Tag Archives: update

Kitchen Phase 2: Mission Accomplished!

Standard

Our kitchen has come such a long way since we bought our house 6 months ago! It went from looking very 1970’s to sleek, beautiful, and fun. We got our appliances yesterday, so I wanted to show you the way everything looks, because this is the look that will stay for a very long time (until we tackle phase 3, which is knocking down a wall, having an island built, and having a mosaic backsplash put in).

As it stands, even without phase 3, the kitchen is officially fully updated!

Phase 1 involved a large amount of paint and a gargantuan amount of elbow grease, but it was also cheap! Yesterday, appliances went in…and though I can’t call that a “cheap” update, the price we paid for them was outstanding! When you see our kitchen photos from move-in day and from yesterday, you’ll be amazed at the transformation.

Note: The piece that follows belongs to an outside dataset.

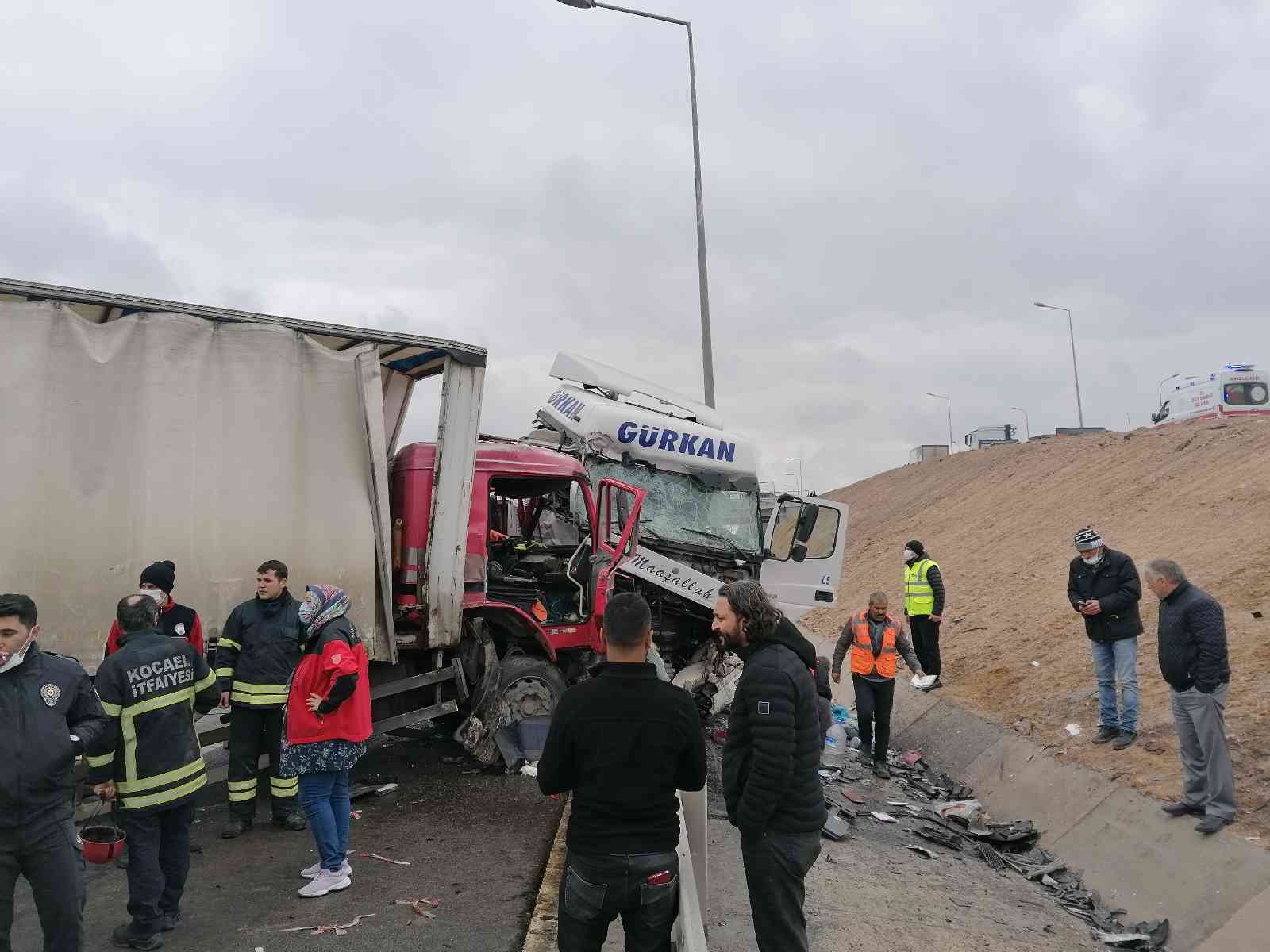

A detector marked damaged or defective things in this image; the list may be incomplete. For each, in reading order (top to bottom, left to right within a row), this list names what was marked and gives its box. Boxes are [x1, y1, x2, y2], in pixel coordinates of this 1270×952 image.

crashed red truck [0, 281, 645, 765]
smashed windshield [584, 457, 759, 555]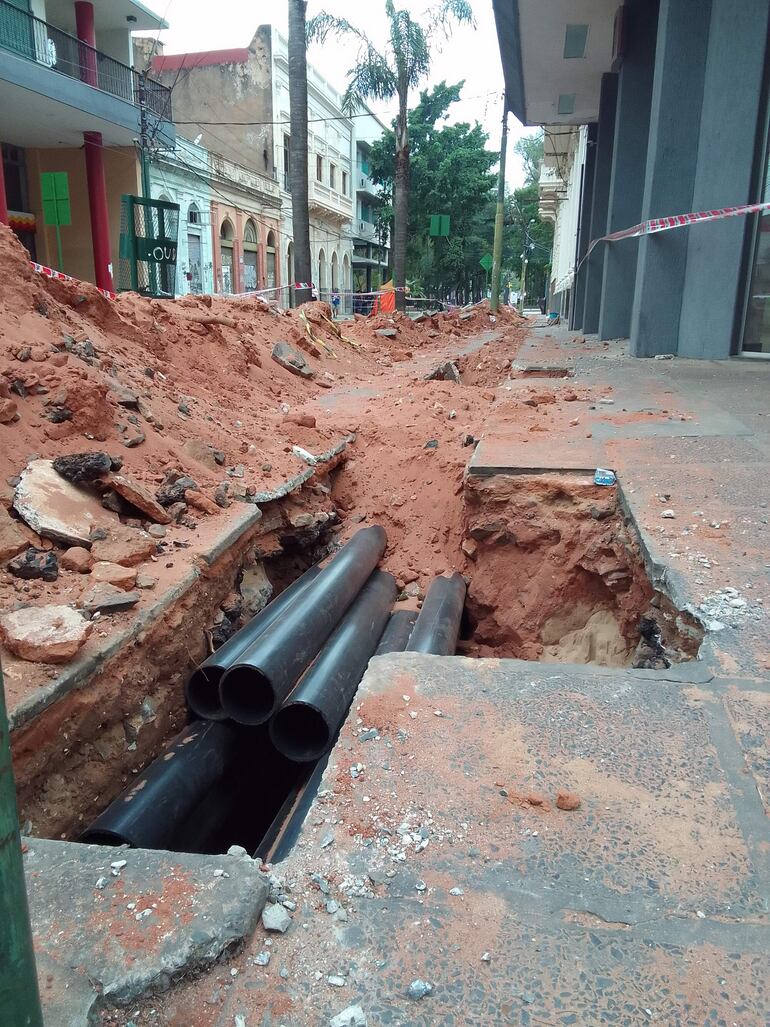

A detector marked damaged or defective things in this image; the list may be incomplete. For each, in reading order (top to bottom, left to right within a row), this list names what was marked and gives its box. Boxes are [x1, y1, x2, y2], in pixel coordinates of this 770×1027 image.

I talk often about “good bones” with a house, and I’ve said it numerous times about our kitchen. The layout was workable. There was an eat-in area. The 1995 oak cabinets were solid wood and in good enough shape to keep. They had Granite Transformations put in the counters, and the color was close enough to what we wanted that we decided to keep it. The beadboard on the walls was a plus, just ugly and unpainted. We had a good amount to “work with” and make better. Could we have ripped out the bulkhead, counters, backsplash, floor, beadboard, cabinets, etc? Sure! But I didn’t want to literally sink money into a major renovation. It works wonders for some, but the reality is that we’re both just too cheap and too DIY! ๐Ÿ˜‰

I must say, my favorite “fix” was taking a shiny, oddly-textured early 90’s backsplash and painting it. It was shiny, white, oddly-textured linoleum and some tiles had weird beige bundles of flowers and wheat on them. I had the idea to try bonding primer and paint, and now the once-ugly backsplash matches our beautiful walls. It was a free update because we used the paint we had on hand, and I couldn’t be more pleased. If you don’t want to spend between $500-2000 (depending on your choices) for a new backsplash, consider this easy option.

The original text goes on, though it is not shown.